Task objective: Return all of the data exactly, with nothing left out but the pictures.

Information supplied:
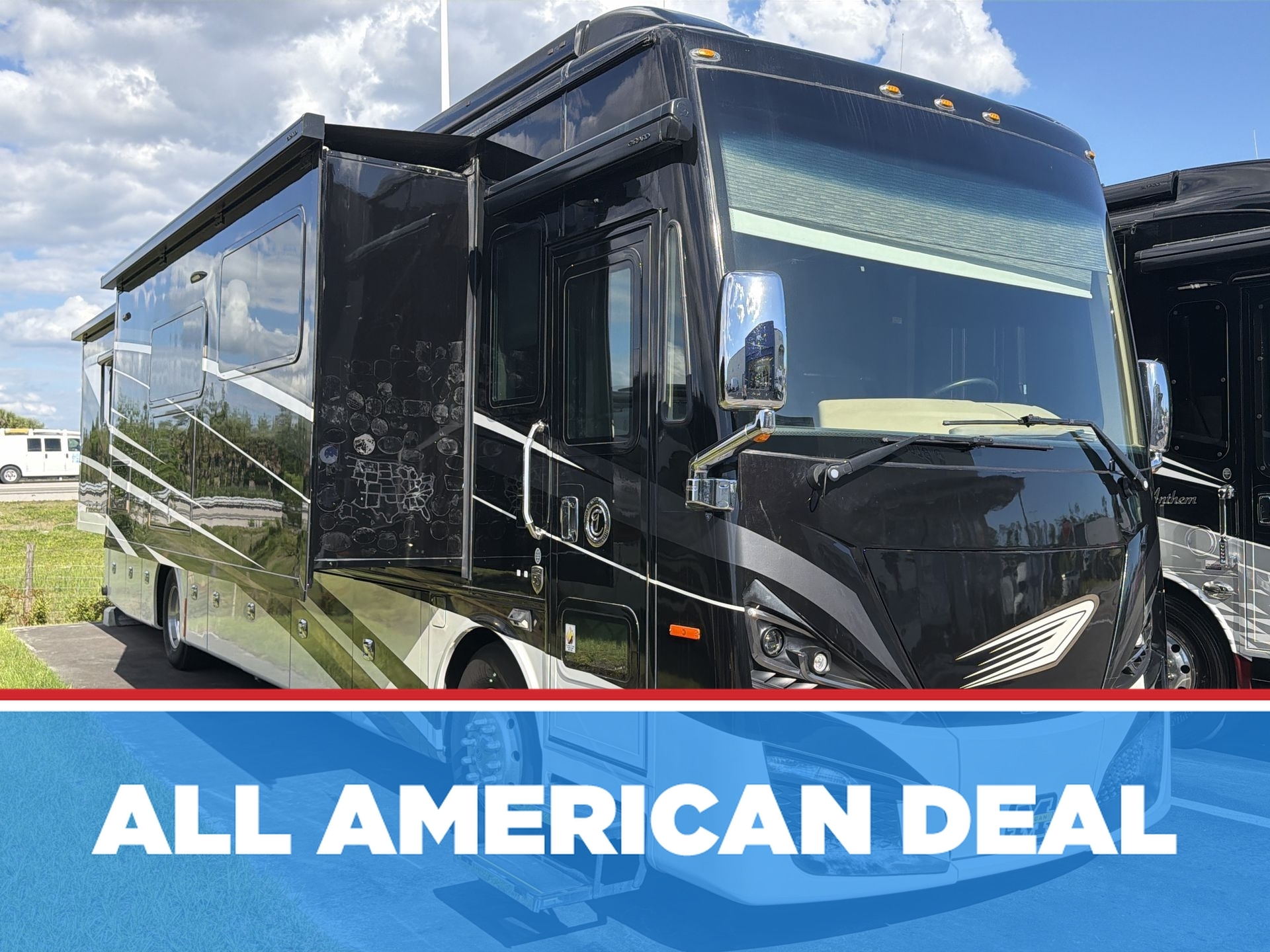 2023 Tiffin Motorhomes Phaeton 40IH RV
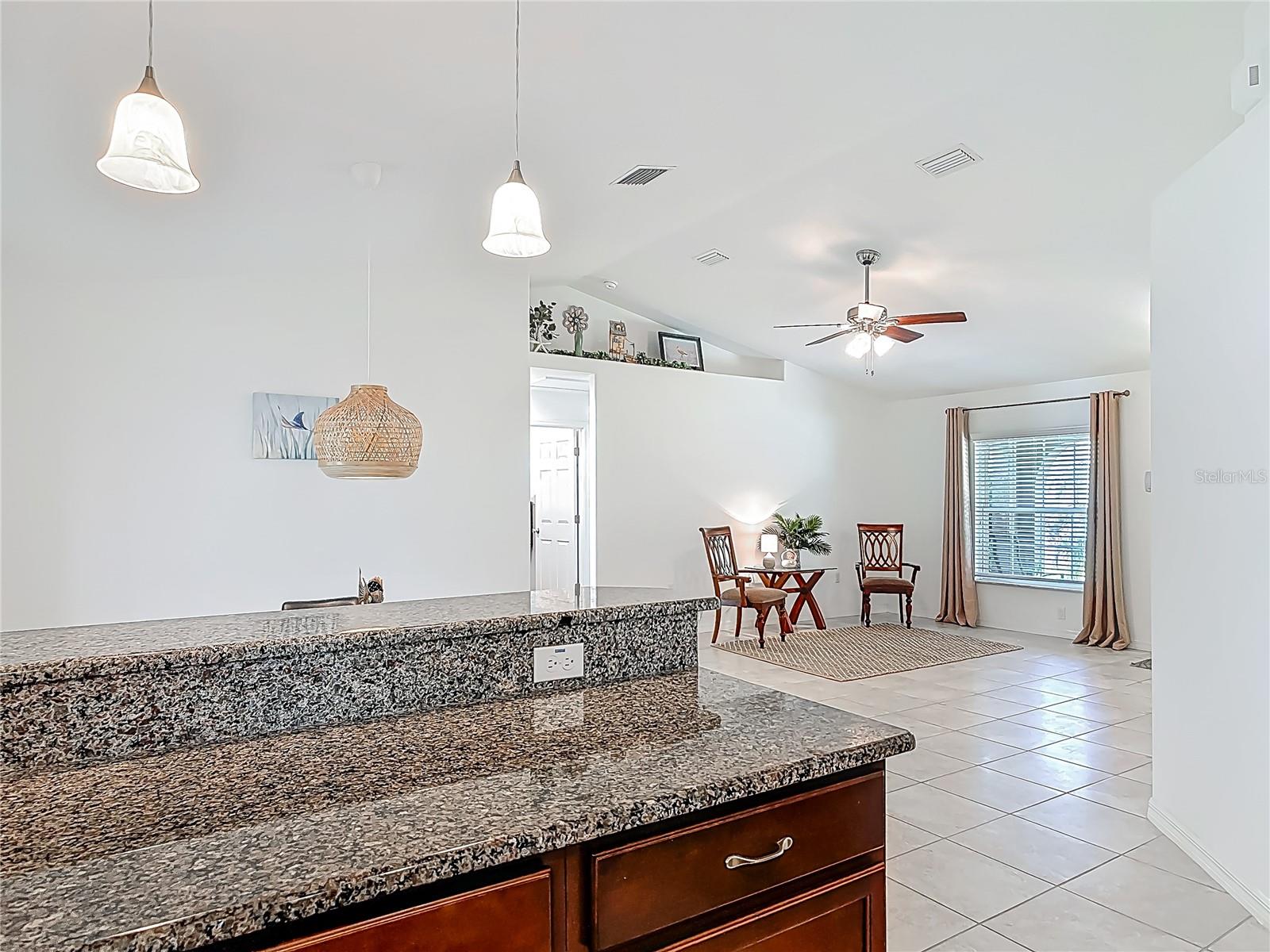 10 RAMBLING LN, PALM COAST, FL, 32164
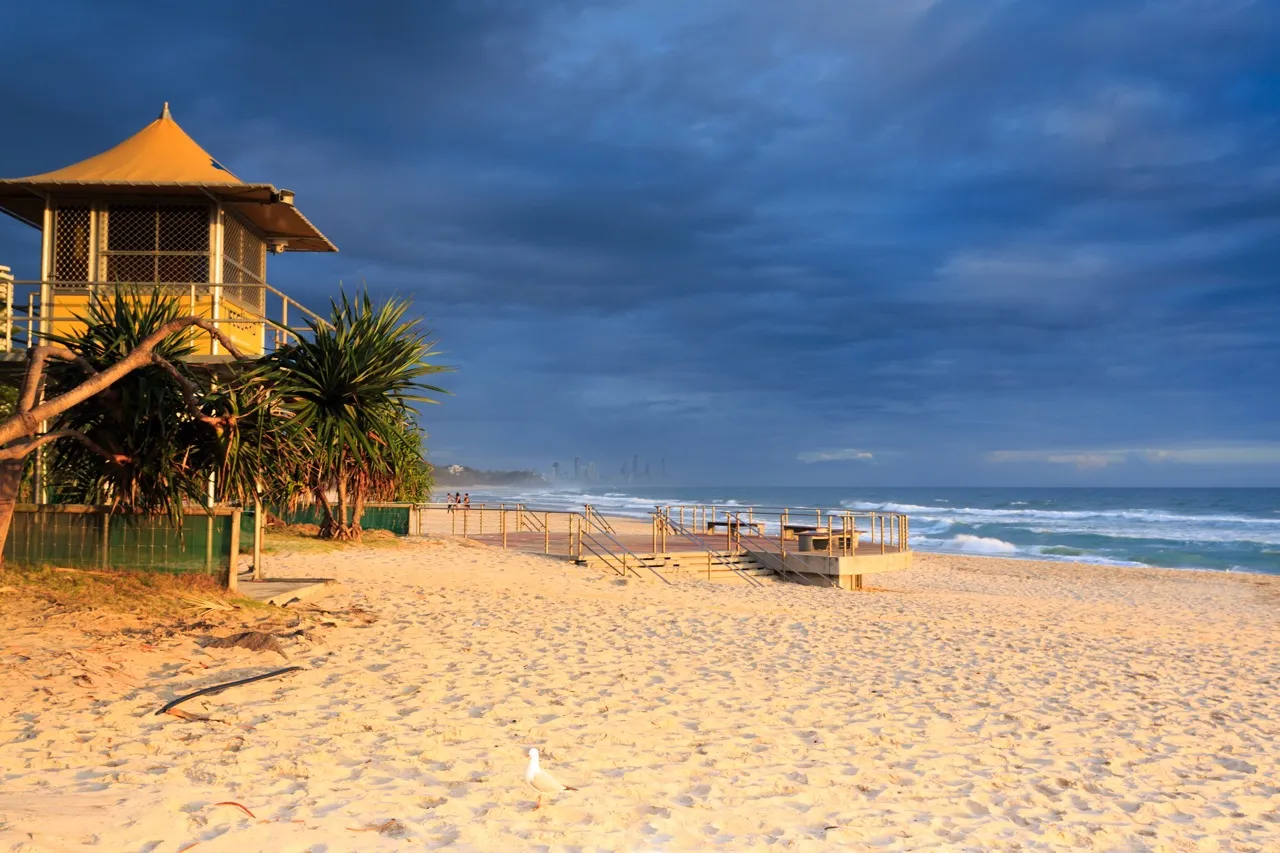 burleigh beach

The answer:
 2023 Tiffin Motorhomes Phaeton 40IH RV
 10 RAMBLING LN, PALM COAST, FL, 32164
 burleigh beach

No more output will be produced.